During filming, Gary Coleman met his wife, Shannon Price, on set who was an extra in the film.

==Release==
===Theatrical===
Church Ball was released in theaters on March 17, 2006, by Halestorm Entertainment.

===Home media===
On September 26, 2006, Church Ball was released on DVD by Stone Five Studios.

==Reception==
===Box office===
Church Ball opened on March 17, 2006, with $144,376. The film was a box office failure that ended grossing just $464,991 against a $1,000,000 budget.

===Critical response===
The review aggregator website Rotten Tomatoes surveyed twelve critics and reported a 17 percent approval rating. Among the reviews, it determined an average rating of 4.3 out of 10. It received a 39% approval rating from audiences.
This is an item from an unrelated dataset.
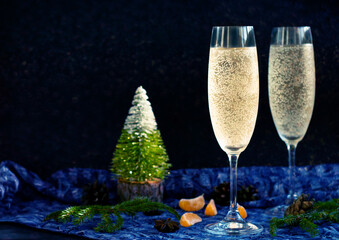a pair of misted glasses of champagne wine among christmas decor, dark blue shining background, copy space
Jeff Vice of the Deseret News wrote in his review: "t's hard to tell whether the jokes in "Church Ball" are any funnier than those in earlier HaleStorm movie productions — The Singles Ward, The R.M. and The Home Teachers." William Arnold of the Seattle Post-Intelligencer wrote in his review: "Clearly, Mormon movies are not what they used to be. But Church Ball seems to be a complete break with the genre's missionary past. Ted Fry of the Seattle Times wrote in his review: "I have no idea whether Fred Willard is a Mormon, but thanks to his signature glib charm he plays one effortlessly as coach of an inept basketball team in Church Ball, a carefree, underdog sports comedy."

====Actor's responses====
Gary Coleman described his dissatisfaction with the film's quality. Although he stated he enjoyed the process of making the film, he remarked that watching the production process was like "giving monkeys cameras and lights." Despite this, the project introduced Coleman to Utah, and he moved to Santaquin soon after filming. He later commented that he was thankful to Kurt hale for introducing him to the state.

Clint Howard praised Halestorm Entertainment for producing family-friendly entertainment.